What makes you think that working and playing golf all day are even different things?
Larry Ellison was renowned for doing massive sales deals of Oracle on golf courses. If you get in 18 holes and leave with $10 million, were you not working?
At executive levels a part of the job deals with relationships, and those are work. Much less so the "nose to the grindstone in front of the computer" sort of work.
Clearly I've been thinking about it all wrong. When the CEO eats a lavish meal with a CEO from another company, they're not having lunch they're working hard; probably just as hard as the peons doing the manufacturing, cleaning the plant, driving the forklifts or whatever. Just because the sales teams have already negotiated the deal and the CEO only has to eat a meal and sign their name doesn't mean they're not working hard, at all.

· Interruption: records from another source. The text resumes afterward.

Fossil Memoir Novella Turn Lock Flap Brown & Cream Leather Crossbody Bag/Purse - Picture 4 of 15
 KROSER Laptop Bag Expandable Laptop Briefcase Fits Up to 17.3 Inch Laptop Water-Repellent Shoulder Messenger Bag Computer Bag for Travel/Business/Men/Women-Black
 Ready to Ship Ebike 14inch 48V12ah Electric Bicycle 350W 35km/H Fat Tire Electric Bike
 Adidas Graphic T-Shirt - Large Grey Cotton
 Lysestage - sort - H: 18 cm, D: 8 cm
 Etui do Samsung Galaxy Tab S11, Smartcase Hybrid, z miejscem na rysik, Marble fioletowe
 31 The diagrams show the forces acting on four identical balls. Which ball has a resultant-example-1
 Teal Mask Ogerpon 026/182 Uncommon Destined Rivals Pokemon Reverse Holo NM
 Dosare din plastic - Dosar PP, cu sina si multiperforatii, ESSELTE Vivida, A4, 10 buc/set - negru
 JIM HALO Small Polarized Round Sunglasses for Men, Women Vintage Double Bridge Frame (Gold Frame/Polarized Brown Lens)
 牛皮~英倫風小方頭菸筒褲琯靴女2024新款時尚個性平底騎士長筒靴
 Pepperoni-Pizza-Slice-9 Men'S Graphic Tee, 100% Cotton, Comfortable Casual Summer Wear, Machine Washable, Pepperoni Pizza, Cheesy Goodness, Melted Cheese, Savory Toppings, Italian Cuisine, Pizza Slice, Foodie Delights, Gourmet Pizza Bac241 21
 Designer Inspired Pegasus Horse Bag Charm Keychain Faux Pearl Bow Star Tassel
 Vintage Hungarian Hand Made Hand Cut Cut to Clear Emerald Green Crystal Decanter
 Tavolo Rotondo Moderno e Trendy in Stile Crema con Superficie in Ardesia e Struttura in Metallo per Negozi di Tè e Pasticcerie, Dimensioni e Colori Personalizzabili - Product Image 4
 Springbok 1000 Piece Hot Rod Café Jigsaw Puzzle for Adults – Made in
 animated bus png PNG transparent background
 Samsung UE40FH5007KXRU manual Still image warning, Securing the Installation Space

Indeed if you get invited away to a person's private island and then they later buy from the company you "work" at then that holiday was far more work than someone spending 12 hour shifts, standing, poring over circuit boards with a soldering iron or hefting rocks with a pickaxe. That's why the management deserve 200 times the salary of the workers. /s
Truly the relationships aren't important unless the CEOs make it that way. They could just do business, decide they need X amount of pressed steel, sign the contract and not play golf and have a luxurious meal. But instead they decide that only companies that kowtow to this ideal of greasing the wheels of industry by fattening the C-grades up should win the contracts.
>If you get in 18 holes and leave with $10 million, were you not working? //
No, you're not working, you're exploiting the work of others. What function did the 18 holes of golf serve except to reinforce a despotic nepotism.
The idea that this is work is interestingly both anti-capitalist (it's an inefficient aberration) and anti-socialist (it's setting people over others but providing no useful function).
What are you willing to consider as evidence? The internet is littered with hundreds of articles, interviews, anecdotes of CEOs working long hours to build up the company, bring in new business, keep existing business, etc (and if you're feeling a bit grumpy today, yes, also to enrich themselves).
Do you have any evidence to show your affirmation that CEOs work really hard and "often at least 14 hours and many work one weekend days" is true and other's affirmations that they "play golf all day" is absolutely false?